A los dirigentes de la oposición también le asiste el deber de respetar la constitución, ser serios y responsables respecto a los compromisos que acuerda y luego rehúyen por instrucciones externas.

Exhortamos al pueblo de Chile y a su dirigencia para que:

  • Apoyemos el proceso bolivariano, y el diálogo franco, sincero y responsable entre todos los actores políticos de Venezuela que promueven México y  Uruguay.
  • Digamos no a la intervención extranjera, al boicot económico y a las medidas que pretenden ahogar la revolución
  • Demandemos el respeto a la constitución bolivariana y rechacemos la provocación como       forma       de       incitar       a       la      Para que Venezuela permanezca libre, democrática, independiente, soberana y pluralista, se nos hace inadmisible aceptar que el gobierno de Chile haya respaldado una posición antijurídica que no respeta el derecho internacional, ni la propia institucionalidad del estado de Venezuela, posición que sólo contribuye a fortalecer la división entre los venezolanos y propicia una guerra Civil.

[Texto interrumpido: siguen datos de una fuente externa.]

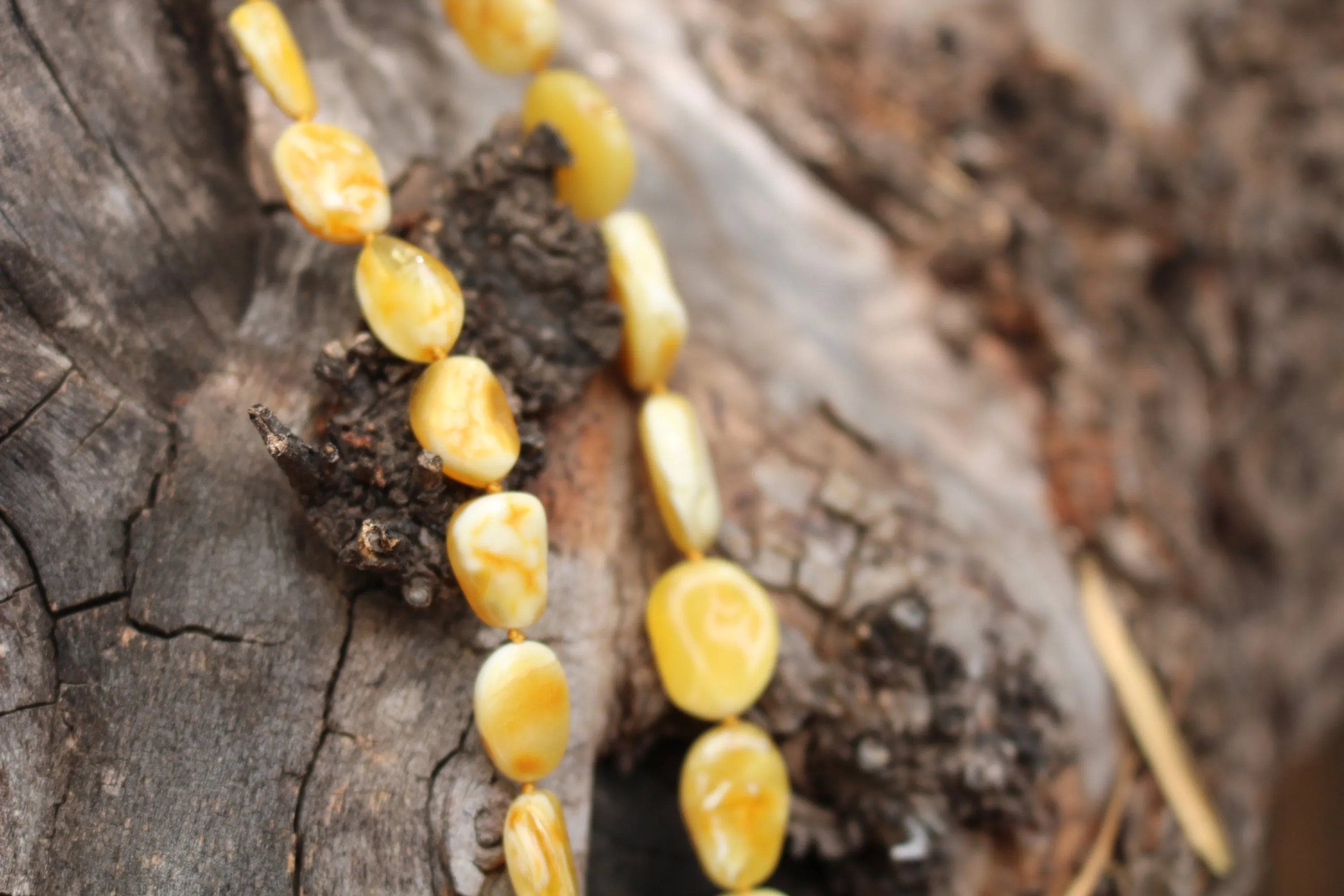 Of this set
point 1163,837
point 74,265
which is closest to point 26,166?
point 74,265

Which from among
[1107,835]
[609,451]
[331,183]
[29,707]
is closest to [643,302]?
[609,451]

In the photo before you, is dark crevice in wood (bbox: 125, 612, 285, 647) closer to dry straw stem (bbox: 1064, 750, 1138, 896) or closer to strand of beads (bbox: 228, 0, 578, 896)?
strand of beads (bbox: 228, 0, 578, 896)

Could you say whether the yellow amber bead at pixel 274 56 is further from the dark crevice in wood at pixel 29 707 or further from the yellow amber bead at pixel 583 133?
the dark crevice in wood at pixel 29 707

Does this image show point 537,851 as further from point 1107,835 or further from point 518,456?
point 1107,835

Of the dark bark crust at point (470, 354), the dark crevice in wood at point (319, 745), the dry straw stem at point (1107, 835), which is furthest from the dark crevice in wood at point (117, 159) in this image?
the dry straw stem at point (1107, 835)

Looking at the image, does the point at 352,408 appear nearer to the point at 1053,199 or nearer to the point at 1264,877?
the point at 1053,199

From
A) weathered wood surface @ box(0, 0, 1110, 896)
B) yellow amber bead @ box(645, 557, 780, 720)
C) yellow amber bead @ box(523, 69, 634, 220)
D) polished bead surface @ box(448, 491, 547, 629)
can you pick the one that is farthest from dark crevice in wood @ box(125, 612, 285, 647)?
yellow amber bead @ box(523, 69, 634, 220)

Finalmente, nos quedamos con la convicción que aunque la vida, aparezca provisoriamente vencida, permanece siempre más fuerte que la muerte.

Juan Guerrero Nuñez.

Coordinador Nacional IC

Suscribe Departamento de Relaciones Internacionales del Partido Izquierda Cristiana de Chile

Fernando Astudillo Becerra, Héctor Soto Bustos, Alonso Salinas García, Domingo Baudrand Cintolesi, Nelson Fuentes Contreras, Nicolás Gómez Núñez, Eugenio Carreño Bravo, David Padilla Ramírez, Humberto González Rojas.